This course presents the principles of closed-loop control system design when physics-based models of the open-loop plant (derived previously, see 2201304) are available. The course focuses on designing controllers suitable for achieving desired (and often contradictory) control objectives such as minimized steady-state error, improved stability and user-defined shaping of transient system response in closed-loop.
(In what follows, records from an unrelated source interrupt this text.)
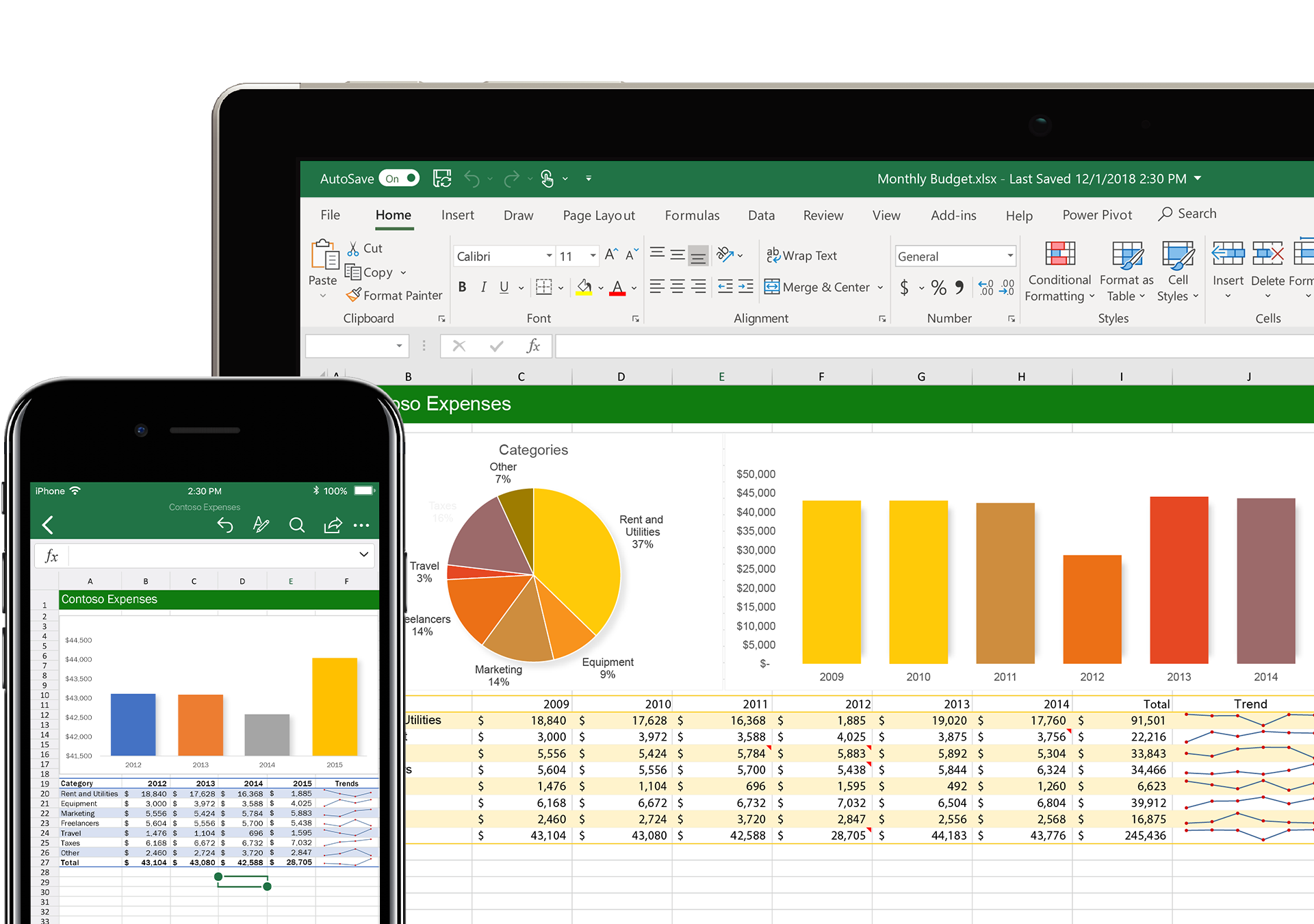 Buy Spreadsheet Software - Try Excel, Free  Microsoft Excel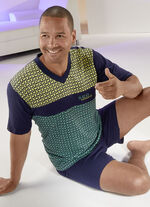 Shorty mit V-Ausschnitt 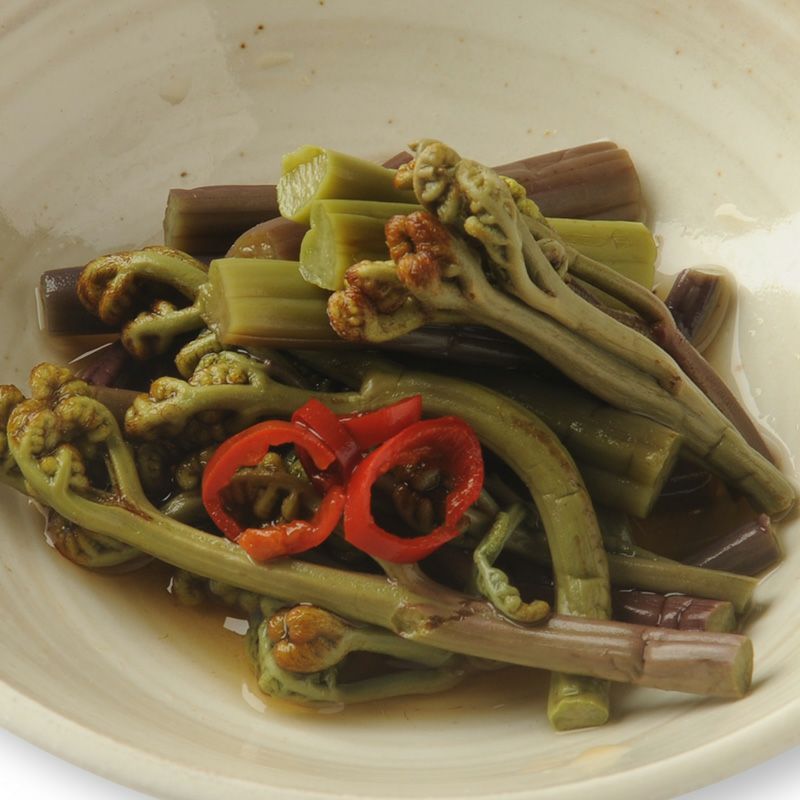 わらび醤油漬け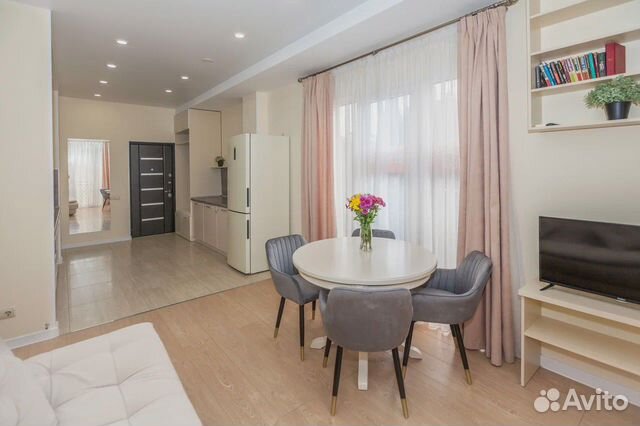

1-к. квартира, 43,7 м², 2 кровати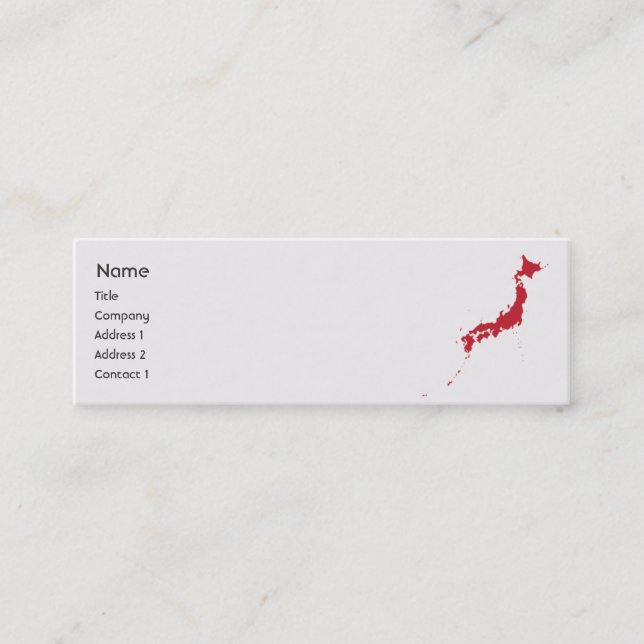 Cartão De Visita Mini Japão - magro (Frente)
For this purpose, traditional controllers are reviewed, basic tools for assessing the controlled system stability and transient response are given, and specific techniques for controller design based on transfer function and state-space representations are presented in detail.
- Performance and robustness characteristics of closed-loop systems, comparison with open-loop systems.
- Steady state errors and stability in closed-loop representations, part I: Computing steady state errors, the influence of open-loop system type on steady state error, hints on the trade-off between closed-loop errors and stability.
- Steady state errors and stability in closed-loop representations, part II: Stability assessment via the Routh criterion, the trade-off between closed-loop errors and stability revisited.
- The root locus method: Closed-loop stability evaluation, controller design for transient response shaping and steady state error minimization.
- The method of characteristic polynomial matching: Analytical controller design for transient response shaping and steady state error minimization, hints on reference model matching.
- Bode and Nyquist plots revisited: Assessment of closed-loop stability and margins, hints on controller design.
- System representation in State-Space, part I: The concept of state-space representation versus transfer functions, system eigenvalues and eigenvectors.
- System representation in State-Space, part II: Solution of state-space equations via Laplace or eigenvalues/eigenvectors, hints on closed-loop pole placement for achieving desired closed-loop performance.